The back end portion 119 may include a number of memory channel controllers (e.g., media controllers) and a Physical (PHY) layer that couples the memory controller 100 to the memory device 130. As used herein, the term "PHY layer" generally refers to the physical layer in the Open Systems Interconnection (OSI) model of computing systems. The PHY layer may be the first (e.g., lowest) layer of the OSI model and may be used to transfer data via a physical data transmission medium. In various embodiments, the physical data transmission medium includes memory channels 125-1, …, 125-N. Memory channel 125 may be, for example, a 16-bit channel each coupled to a 16-bit (e.g., x 16) device, two 8-bit (x 8) devices; embodiments are not limited to a particular backend interface. As another example, among other possible bus configurations, channels 125 may each also include a dual pin Data Mask Inversion (DMI) bus. The back-end portion 119 may exchange data (e.g., user data and error detection and/or correction data) with the memory device 130 via physical pins corresponding to the respective memory channels 125. As further described herein, in several embodiments, the memory channels 125 may be organized into several channel groups, with the memory channels of each group being accessed in association with performing various memory access operations and/or error detection and/or correction operations.
Memory device 130 may be a Dynamic Random Access Memory (DRAM) device that operates according to a protocol such as low power double data rate (LPDDRx), which may be referred to herein as an LPDDRx DRAM device, an LPDDRx memory, or the like. "x" in LPDDRx refers to any of several protocols (e.g., LPDDR 5). However, embodiments are not limited to a particular type of memory device 130. For example, the memory device 130 may be a FeRAM device.

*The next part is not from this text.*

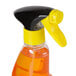 a spray bottle with a yellow and orange liquid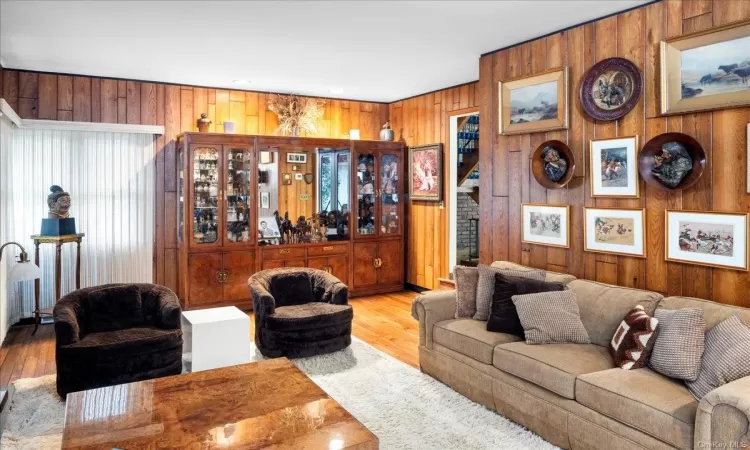 Living room featuring wooden walls and light hardwood / wood-style flooring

In some embodiments, the memory controller 100 may include a management unit 134 for initializing, configuring, and/or monitoring characteristics of the memory controller 100. The management unit 134 may include: an I/O bus for managing out-of-band data and/or commands; a management unit controller for executing instructions associated with initializing, configuring, and/or monitoring characteristics of the memory controller; and a management unit memory for storing data associated with initializing, configuring, and/or monitoring characteristics of the memory controller 100. As used herein, the term "out-of-band" generally refers to a transmission medium that is different from the primary transmission medium of the network. For example, out-of-band data and/or commands may be data and/or commands transferred to the network using a different transmission medium than that used to transfer data within the network.
In various examples, memory access request/response buffers 107, 108, 113, and 114 may become congested, which may result in increased latency associated with host read and/or write access requests. As further described below in association with fig. 4A, 4B, and 5, various embodiments of the present disclosure may include implementing multiple sets of memory access request/response buffers, which may reduce or mitigate the latency associated with buffers 107, 108, 113, and 114. For example, the multiple sets may correspond to respective channel groups.
Fig. 2 is a block diagram of a memory controller 200 coupled to a plurality of memory devices 230. As shown in fig. 2, the controller 200 includes a front end portion 204, a central portion 210, and a back end portion 219. The controller 200 may be a controller, such as the controller 100 depicted in fig. 1.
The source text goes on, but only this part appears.